Description of the task – Every picture stays out; everything else in the listing below is to be returned exactly.

Input records –

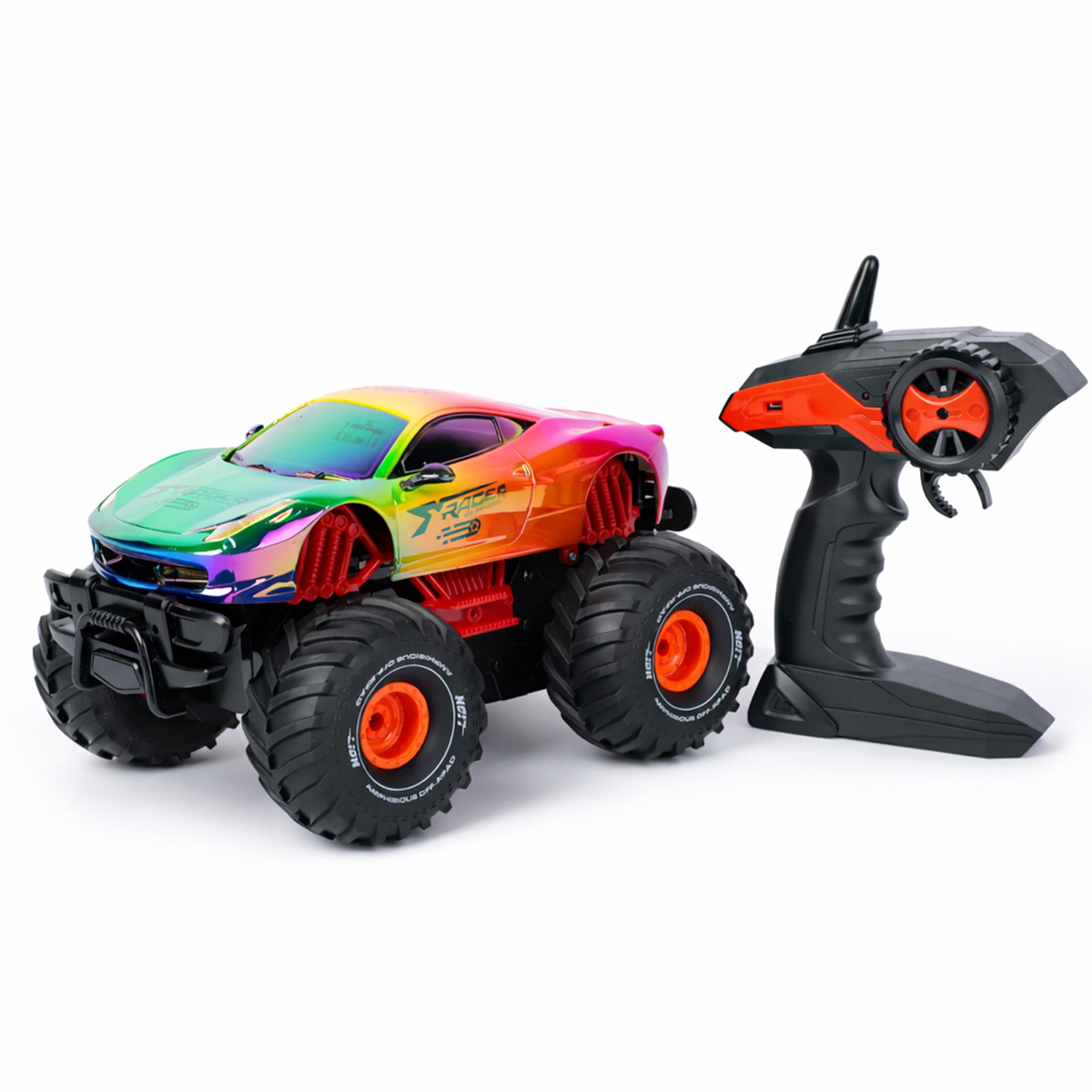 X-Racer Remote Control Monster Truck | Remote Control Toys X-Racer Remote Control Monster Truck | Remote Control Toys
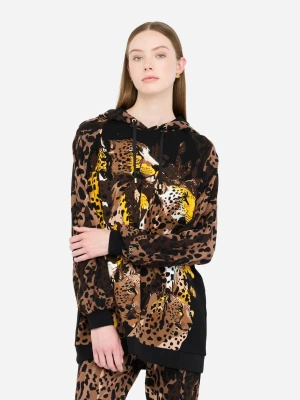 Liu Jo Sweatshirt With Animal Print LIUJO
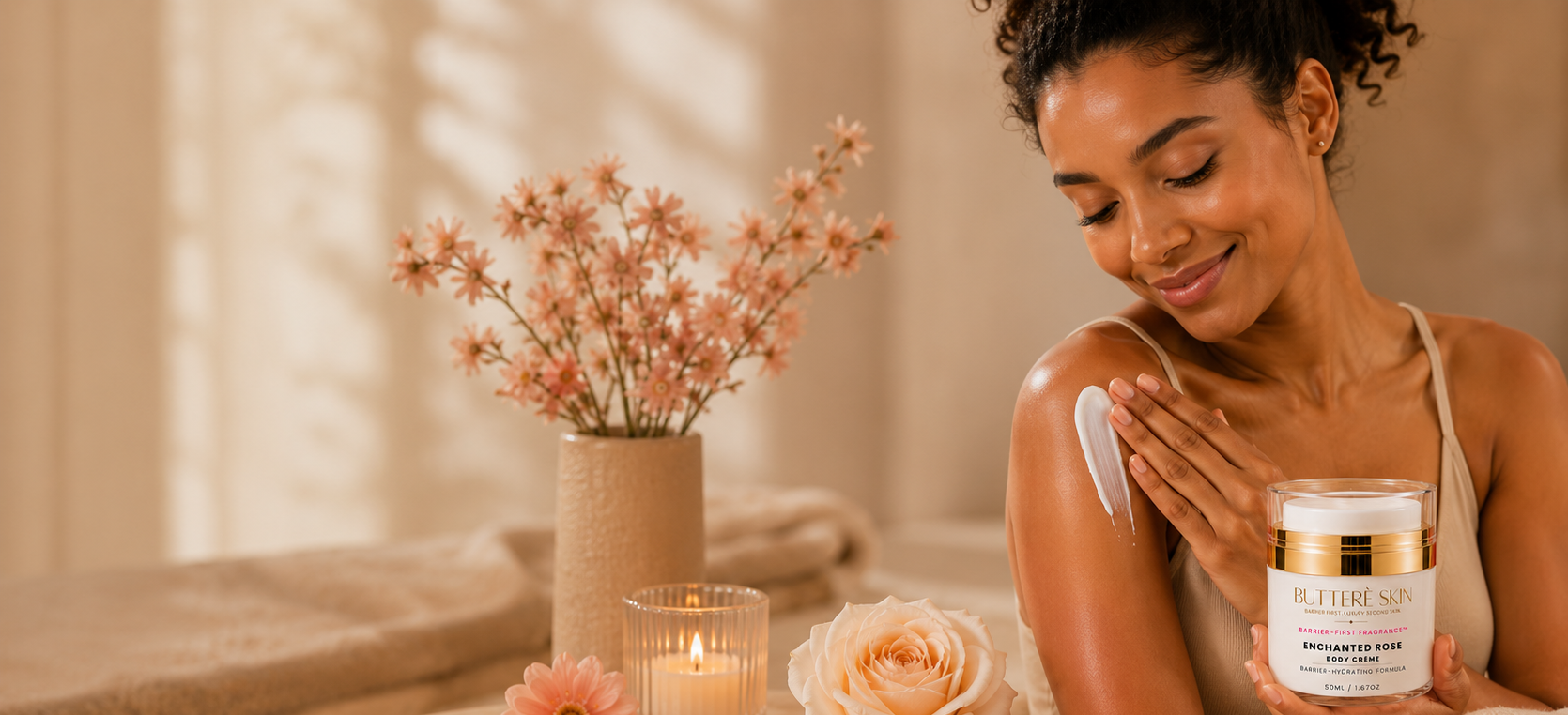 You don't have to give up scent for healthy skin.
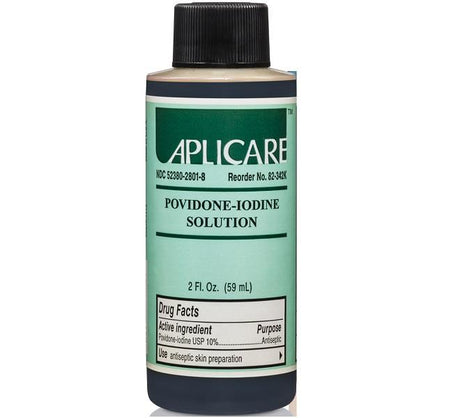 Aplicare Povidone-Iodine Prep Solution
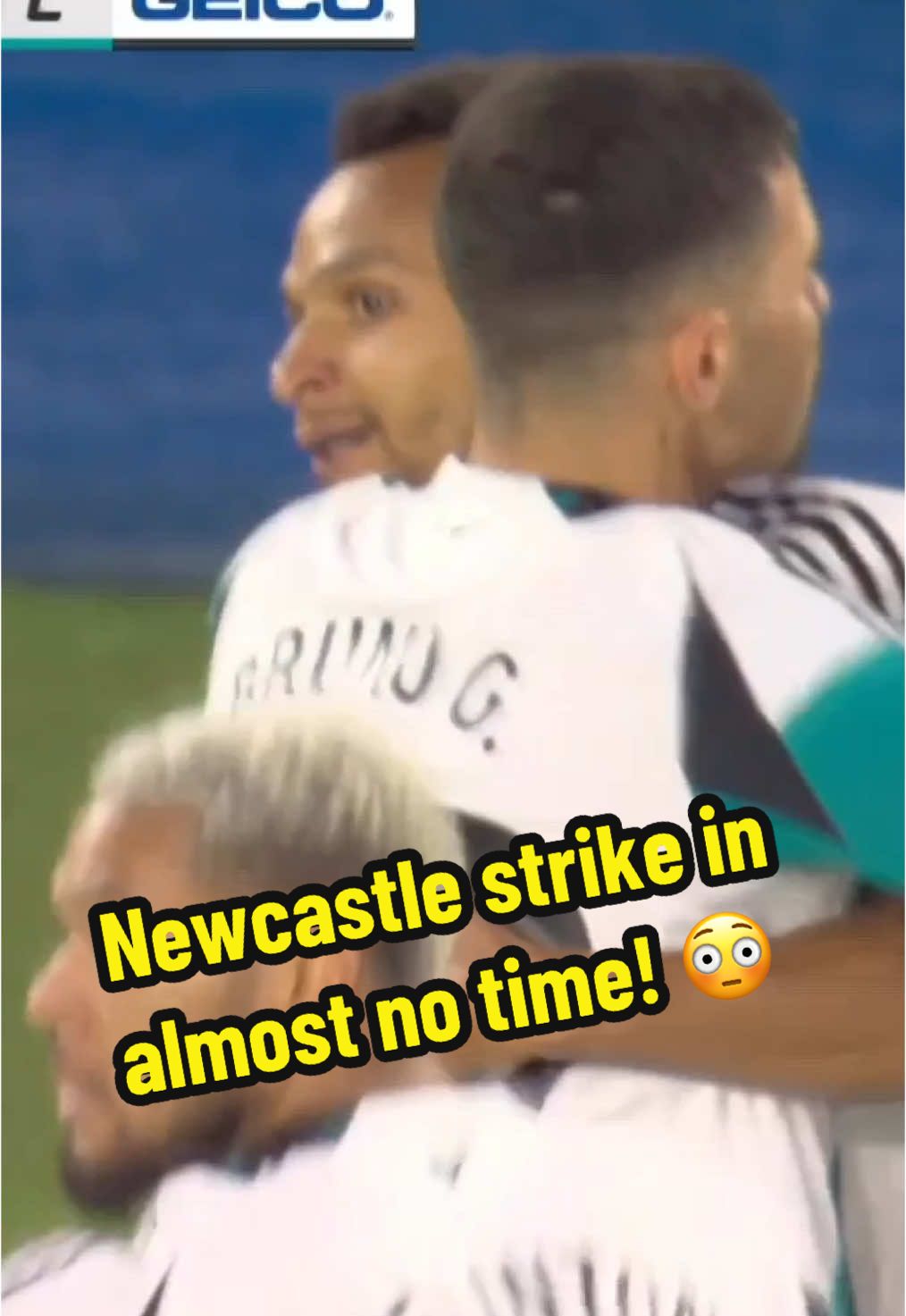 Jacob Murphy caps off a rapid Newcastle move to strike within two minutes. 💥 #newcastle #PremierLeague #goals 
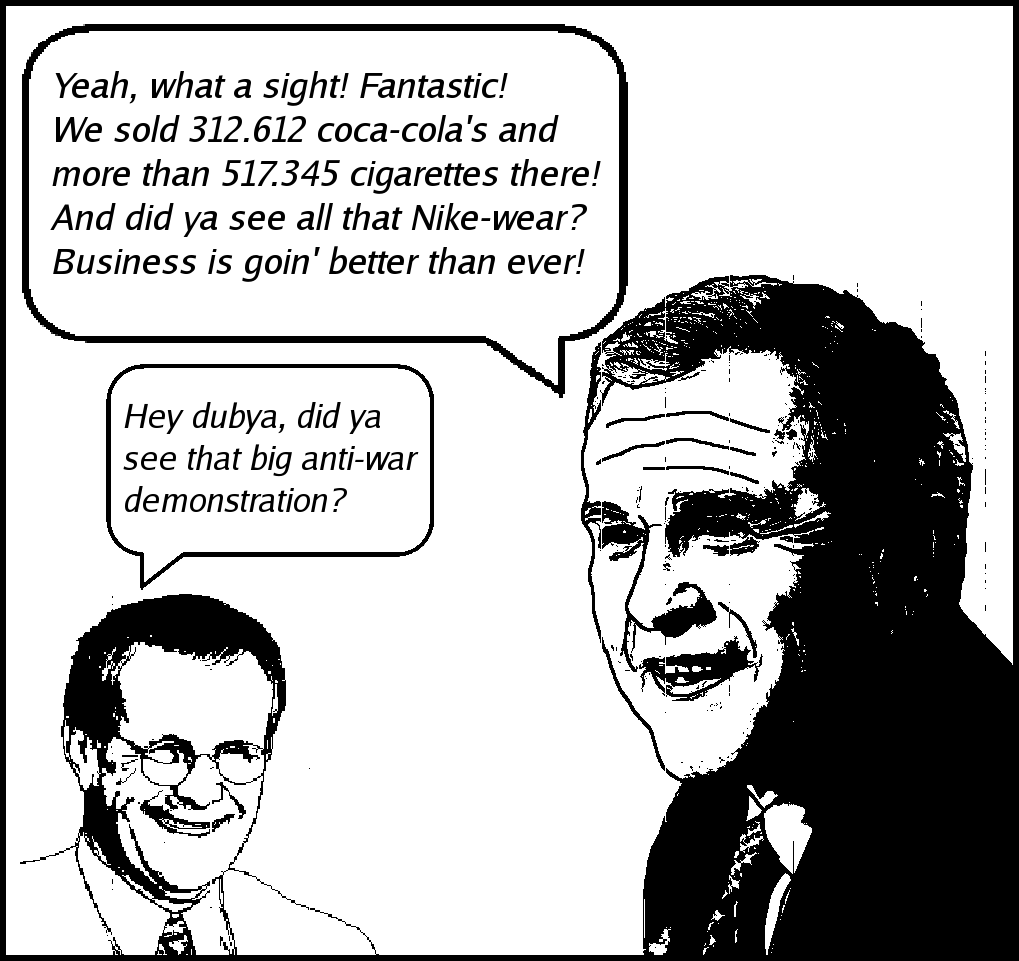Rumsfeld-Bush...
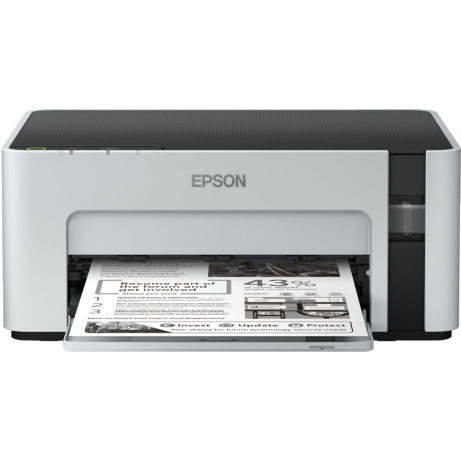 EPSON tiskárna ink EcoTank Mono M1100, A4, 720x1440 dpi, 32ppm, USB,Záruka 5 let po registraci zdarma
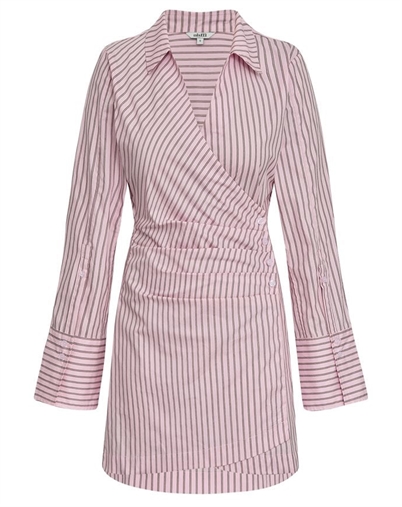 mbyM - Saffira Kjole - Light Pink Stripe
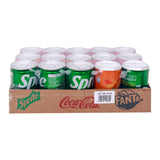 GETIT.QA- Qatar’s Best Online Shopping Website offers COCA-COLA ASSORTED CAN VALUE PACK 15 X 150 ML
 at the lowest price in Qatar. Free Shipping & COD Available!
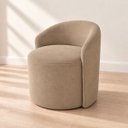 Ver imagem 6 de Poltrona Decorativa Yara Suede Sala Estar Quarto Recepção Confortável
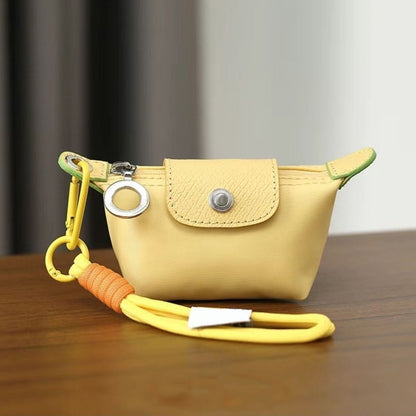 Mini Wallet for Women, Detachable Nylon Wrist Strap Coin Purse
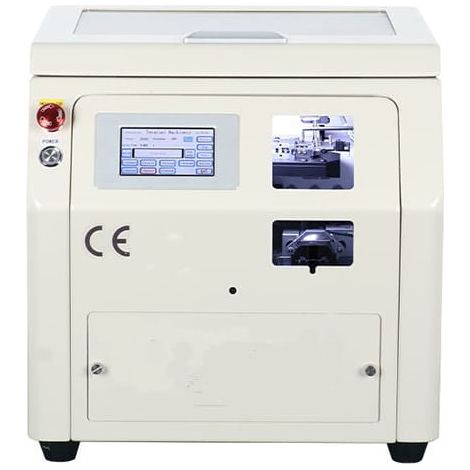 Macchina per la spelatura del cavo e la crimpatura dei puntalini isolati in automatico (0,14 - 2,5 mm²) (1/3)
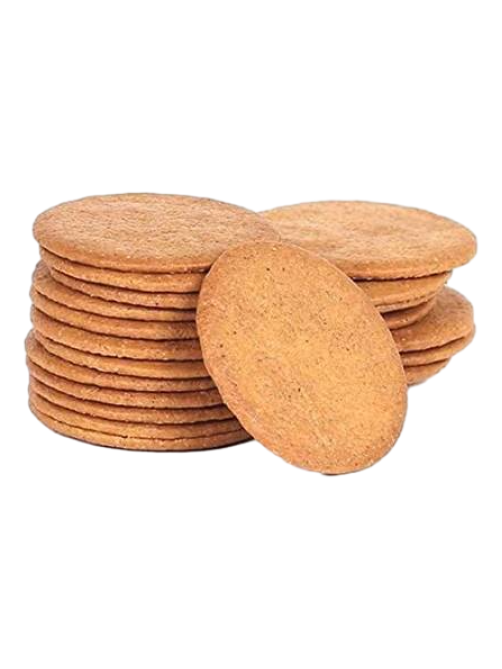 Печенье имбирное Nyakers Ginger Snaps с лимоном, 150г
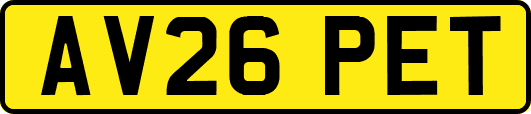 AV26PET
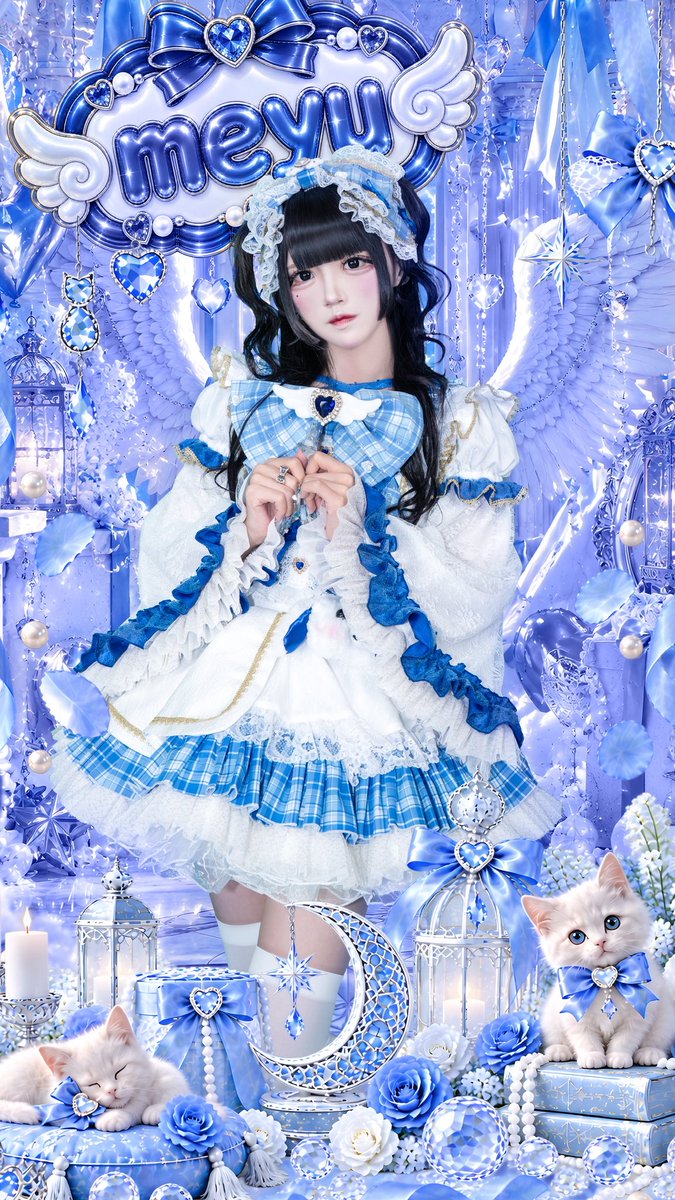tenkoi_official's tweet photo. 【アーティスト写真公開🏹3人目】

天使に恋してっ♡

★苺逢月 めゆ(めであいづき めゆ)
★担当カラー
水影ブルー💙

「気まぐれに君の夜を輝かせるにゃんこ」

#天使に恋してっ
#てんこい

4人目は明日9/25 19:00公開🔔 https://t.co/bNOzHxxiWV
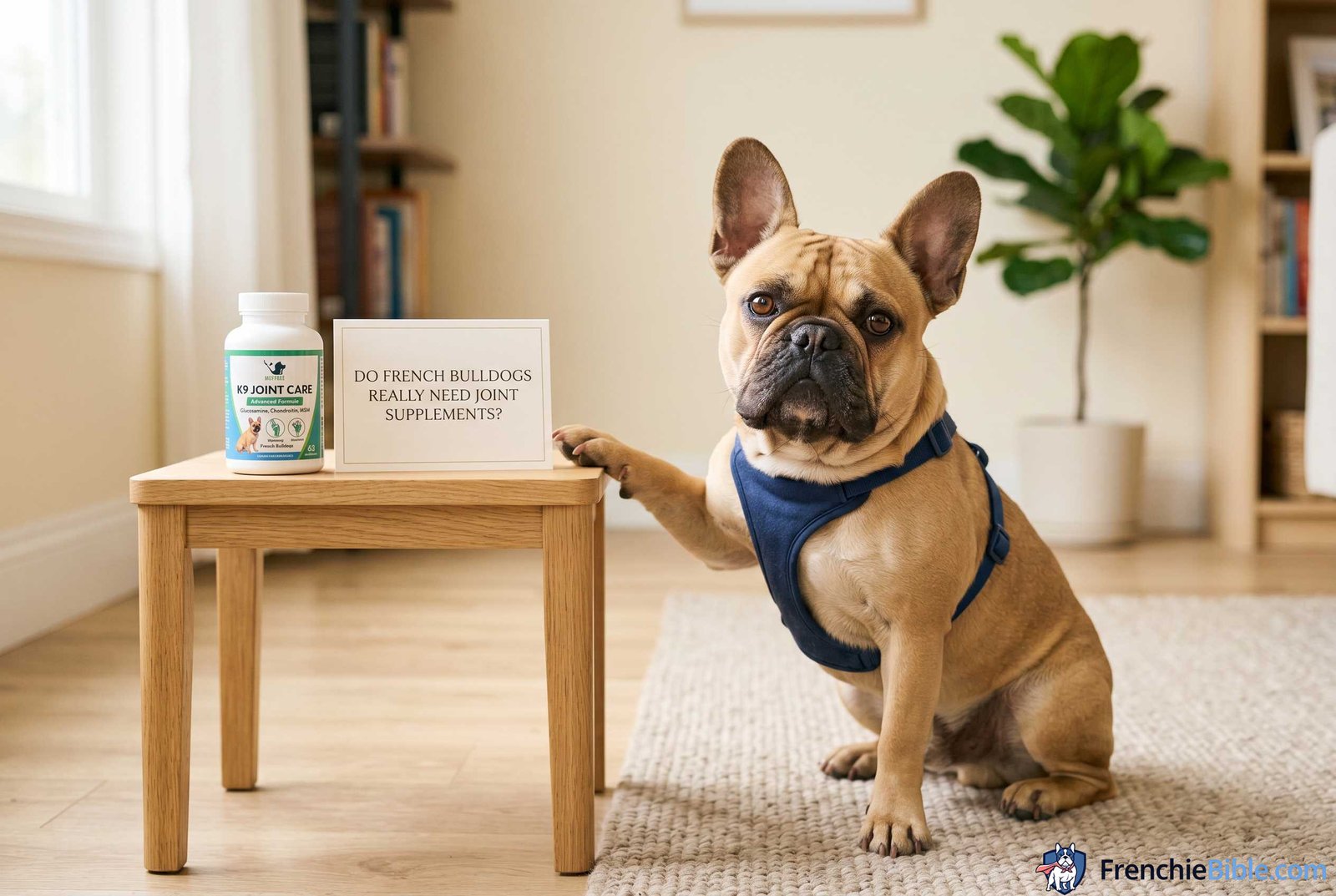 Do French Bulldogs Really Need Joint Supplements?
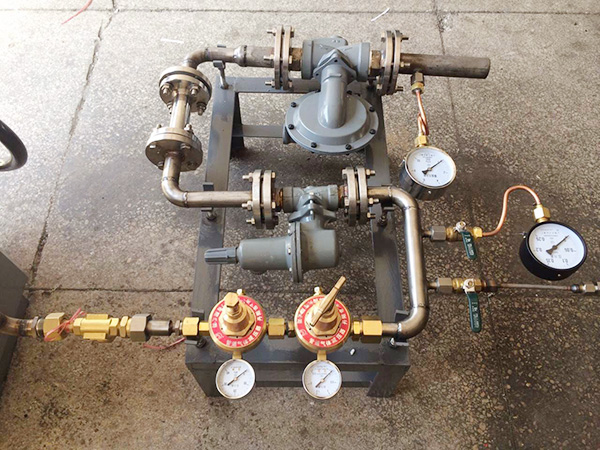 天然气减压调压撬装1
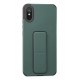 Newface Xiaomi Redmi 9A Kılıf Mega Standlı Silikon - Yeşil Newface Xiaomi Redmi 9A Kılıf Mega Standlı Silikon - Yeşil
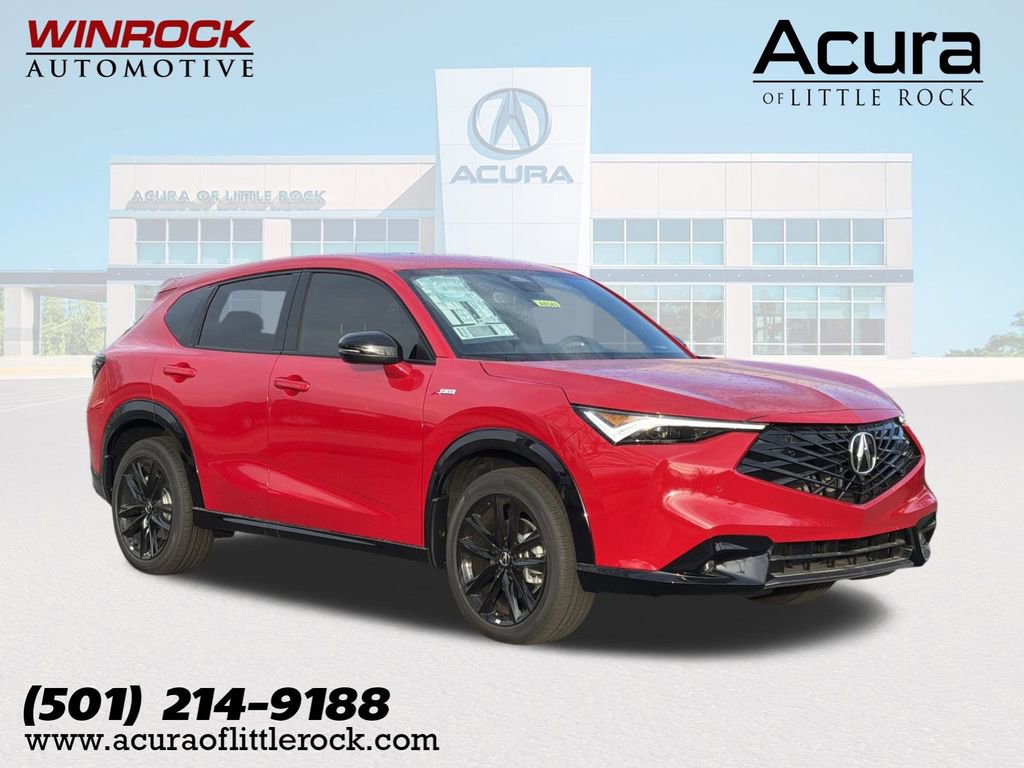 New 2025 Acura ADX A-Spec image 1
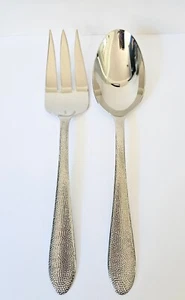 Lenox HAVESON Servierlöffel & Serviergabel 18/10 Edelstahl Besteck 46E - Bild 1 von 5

Answer below –
 X-Racer Remote Control Monster Truck | Remote Control Toys X-Racer Remote Control Monster Truck | Remote Control Toys
 Liu Jo Sweatshirt With Animal Print LIUJO
 You don't have to give up scent for healthy skin.
 Aplicare Povidone-Iodine Prep Solution
 Jacob Murphy caps off a rapid Newcastle move to strike within two minutes. 💥 #newcastle #PremierLeague #goals 
Rumsfeld-Bush...
 EPSON tiskárna ink EcoTank Mono M1100, A4, 720x1440 dpi, 32ppm, USB,Záruka 5 let po registraci zdarma
 mbyM - Saffira Kjole - Light Pink Stripe
 GETIT.QA- Qatar’s Best Online Shopping Website offers COCA-COLA ASSORTED CAN VALUE PACK 15 X 150 ML
 at the lowest price in Qatar. Free Shipping & COD Available!
 Ver imagem 6 de Poltrona Decorativa Yara Suede Sala Estar Quarto Recepção Confortável
 Mini Wallet for Women, Detachable Nylon Wrist Strap Coin Purse
 Macchina per la spelatura del cavo e la crimpatura dei puntalini isolati in automatico (0,14 - 2,5 mm²) (1/3)
 Печенье имбирное Nyakers Ginger Snaps с лимоном, 150г
 AV26PET
tenkoi_official's tweet photo. 【アーティスト写真公開🏹3人目】

天使に恋してっ♡

★苺逢月 めゆ(めであいづき めゆ)
★担当カラー
水影ブルー💙

「気まぐれに君の夜を輝かせるにゃんこ」

#天使に恋してっ
#てんこい

4人目は明日9/25 19:00公開🔔 https://t.co/bNOzHxxiWV
 Do French Bulldogs Really Need Joint Supplements?
 天然气减压调压撬装1
 Newface Xiaomi Redmi 9A Kılıf Mega Standlı Silikon - Yeşil Newface Xiaomi Redmi 9A Kılıf Mega Standlı Silikon - Yeşil
 New 2025 Acura ADX A-Spec image 1
 Lenox HAVESON Servierlöffel & Serviergabel 18/10 Edelstahl Besteck 46E - Bild 1 von 5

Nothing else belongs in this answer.